* [Directions for this task] Return all lines from the entries below in which the word "have" is present.

* [Raw data]
BEGIN
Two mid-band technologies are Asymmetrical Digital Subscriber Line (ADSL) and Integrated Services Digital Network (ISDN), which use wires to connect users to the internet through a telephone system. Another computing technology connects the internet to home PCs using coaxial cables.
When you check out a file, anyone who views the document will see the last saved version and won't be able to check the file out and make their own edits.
END
BEGIN
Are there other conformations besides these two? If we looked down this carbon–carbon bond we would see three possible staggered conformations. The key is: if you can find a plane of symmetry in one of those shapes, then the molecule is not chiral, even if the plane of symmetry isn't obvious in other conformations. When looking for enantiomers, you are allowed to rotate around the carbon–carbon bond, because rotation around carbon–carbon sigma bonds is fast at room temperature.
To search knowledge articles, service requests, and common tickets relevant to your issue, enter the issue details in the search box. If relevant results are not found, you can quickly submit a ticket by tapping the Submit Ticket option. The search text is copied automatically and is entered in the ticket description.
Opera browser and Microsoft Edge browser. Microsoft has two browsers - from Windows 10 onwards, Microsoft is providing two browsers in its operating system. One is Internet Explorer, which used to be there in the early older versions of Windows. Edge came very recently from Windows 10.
END
BEGIN
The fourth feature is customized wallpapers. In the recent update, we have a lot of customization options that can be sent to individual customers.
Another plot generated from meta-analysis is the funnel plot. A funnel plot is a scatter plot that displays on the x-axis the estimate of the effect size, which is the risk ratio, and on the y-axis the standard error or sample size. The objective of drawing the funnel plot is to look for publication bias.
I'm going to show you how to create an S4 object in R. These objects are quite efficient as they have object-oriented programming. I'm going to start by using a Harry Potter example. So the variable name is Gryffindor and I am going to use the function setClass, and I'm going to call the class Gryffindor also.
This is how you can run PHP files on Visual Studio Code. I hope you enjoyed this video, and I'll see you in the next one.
END
* [Problem solution]
The fourth feature is customized wallpapers. In the recent update, we have a lot of customization options that can be sent to individual customers.
I'm going to show you how to create an S4 object in R. These objects are quite efficient as they have object-oriented programming. I'm going to start by using a Harry Potter example. So the variable name is Gryffindor and I am going to use the function setClass, and I'm going to call the class Gryffindor also.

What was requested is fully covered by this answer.